ID: 455278 • Letter: W

Question

Weekly demand for diskettes at a retailer is normally distributed with a mean of 1000 boxes and a standard deviation of 150. Currently, the store places orders via paper that is faxed to the supplier. Assume 50 working weeks in a year and the following data:
1. Lead time for delivery of an order is 4 weeks
2. Fixed cost per order is $100
3. Each box of diskettes costs $1
4. Holding cost is 25% of purchase cost

(a) Assuming that the retailer wants the probability of stocking out in a cycle to be no more than 5%, provide a recommendation to the store manager (who has never
been to business school) on the inventory policy (a policy regarding EOQ and ROP).

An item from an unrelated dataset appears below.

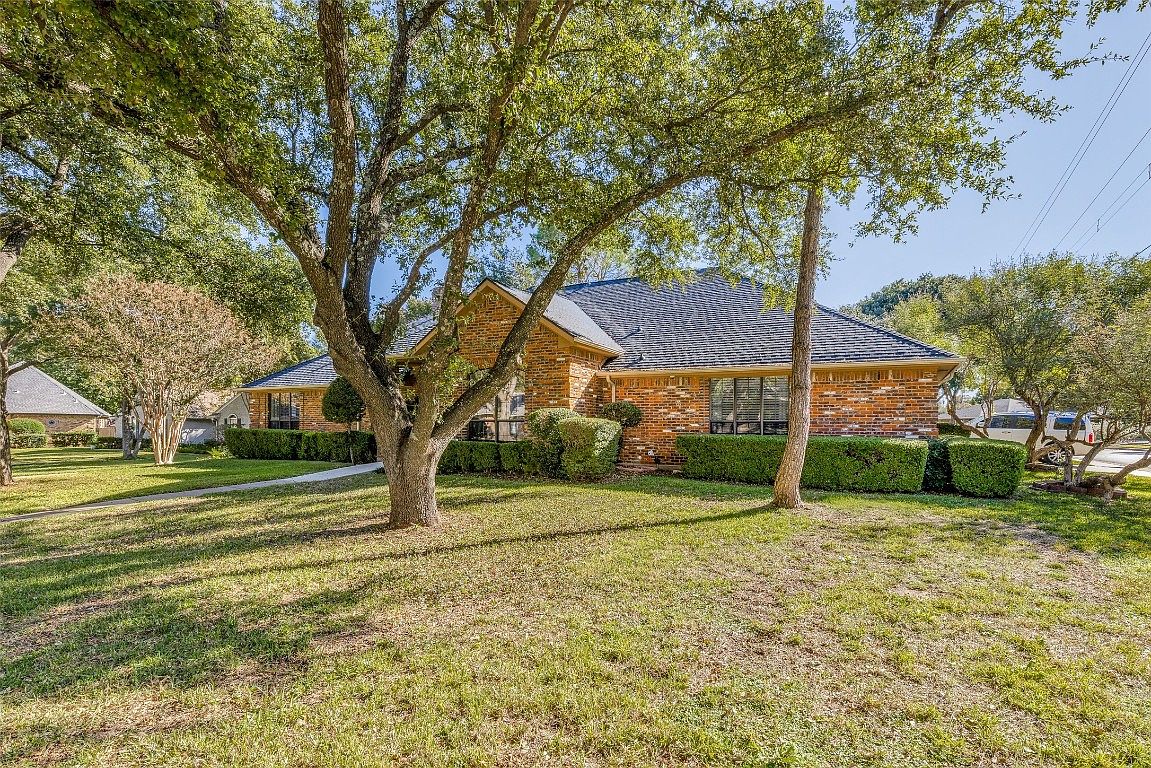 1400 Richards Cir, Desoto, TX 75115 | MLS #20466939 | Zillow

(b) Claiming that it will lower lead time to 1 week, the supplier is trying to push an electronic data interchange (EDI) system on the retailer. Provide a brief qualitative discussion on the benefits and costs of such a system. How would you make the system adoption decision?

Explanation / Answer

a. EOQ = (2*annual demand*order cost/annual carrying cost per unit)^0.5

weekly mean demand = 1,000 boxes. no. of weeks = 50. Thus annual demand = 1,000*50 = 50,000 boxes. order cost = $100 and holding cost = 25% of $1 = $0.25

Thus EOQ = (2*50,000*100/0.25)^0.5 = 40,000,000^0.5 = 6,324.56 boxes or 6,325 boxes (rounded off)

Thus the store manager should place an order of 6,325 boxes to minimize the total costs of inventory (holding cost+ordering cost).

Re-order point (ROP) = demand during lead time+safety stock.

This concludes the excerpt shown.